Hot on the heels of the Hida folk museum we hop on a train to the quiet little town of Hida Furukawa.
The historic, canal-lined streets, temples and museums of Hida-Furukawa are less crowded than Takayama and the town has a wonderful calming feel, due to small canals full of carp that flow through the streets.
The Seto River and the townscape of white-walled warehouses makes Hida Furukawa a pretty sightseeing spot.
Delicate bamboo water features add a gentle watery calm and a constant ‘boc boc’.
The old streets remain intact, quaint and quiet.

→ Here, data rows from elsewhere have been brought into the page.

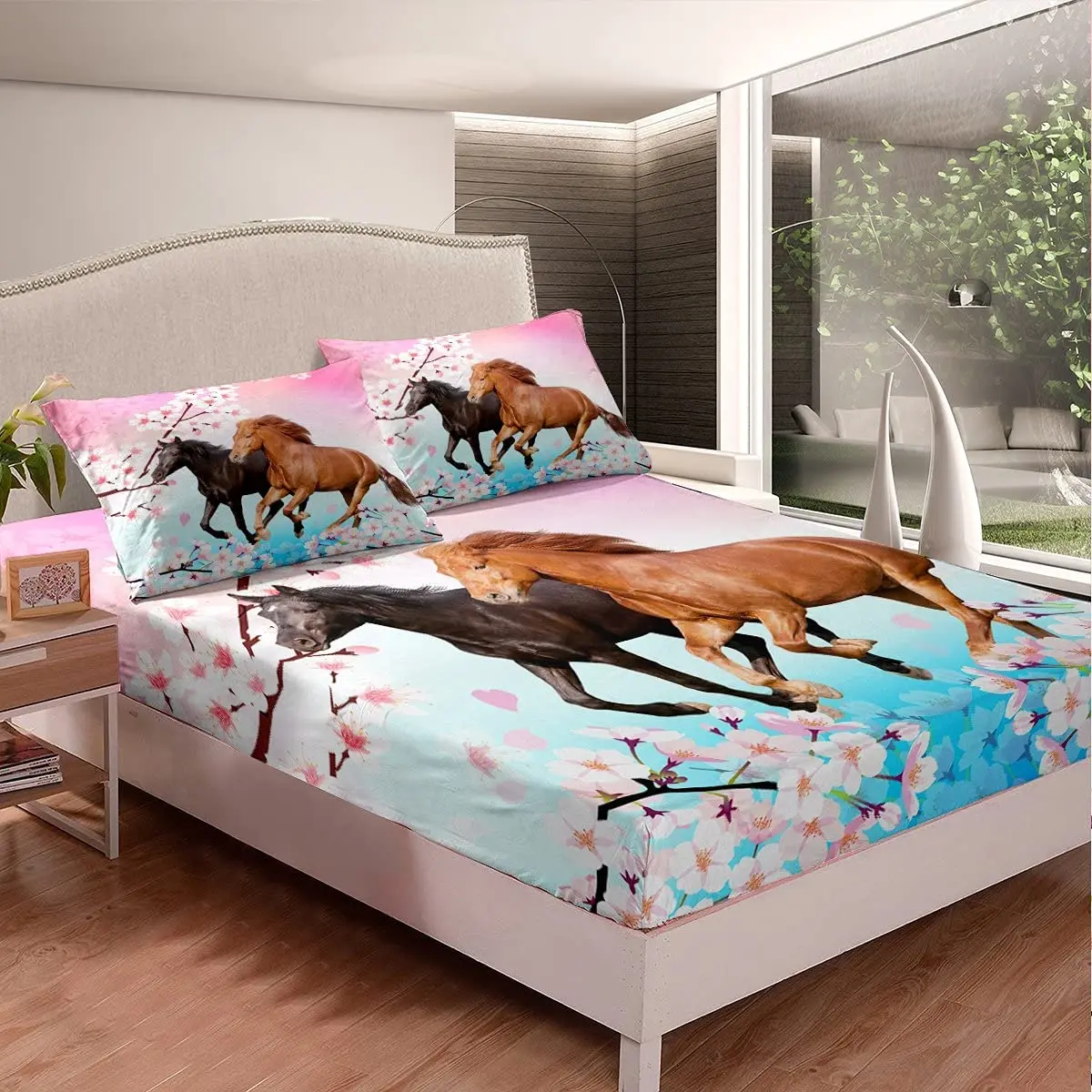 Horse Bedding Set Chic Cherry Blossom Bed Sheet Set Galloping Horse Printed Fitted Sheet 3D Wild Animal Bed Cover Bedroom Decor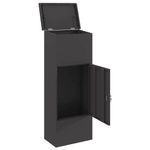 Casa si Gradina - Constructii - Depozitare, transport si protectie - Cutii postale - Cutie pentru colet Negru 44.5 x 29 x 110.5 cm Otel - Infinity.ro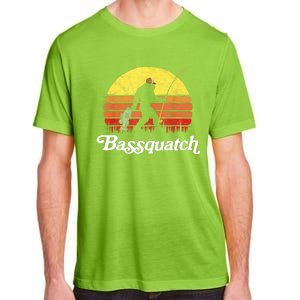 Retro Bassquatch Funny Bigfoot Fishing Outdoor Gift Adult ChromaSoft Performance T-Shirt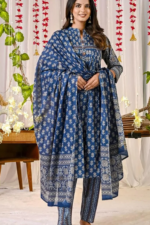 New Trend Cotton Suit set in Printed Kurti Pant with Dupatta - Image 3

Allowing for a peaceful stroll to soak up the atmosphere.
In the old town white walled warehouses sit alongside adorable tiny little canals.
Furukawa, like nearby Takayama, became prosperous in the Edo Period due to the rich timber resources of the surrounding mountains which include cedar, cypress bamboo and pine.
With good water, good rice, and good food, Hida is deeply rooted to sake production in terms of culture, history, industry, and festivals.
This is evidenced by a plethora of Sake breweries and associated paraphernalia.
My favourite cheeky deity, tanuki – the raccoon dog, pops up yet again with his jaunty hat and angled, expressive little face.
Below colourful adverts for Sake and a brewery displays its Sugidama, a distinctive cedar ball.
Sake makers would hang up a fresh green sugidama in November or December, right after they pressed sake made from the new rice harvest.
Customers knew that a few months later, when the sugidama turned completely brown, the sake was ready to drink. It would appear that this brewery’s booze is ready to drink!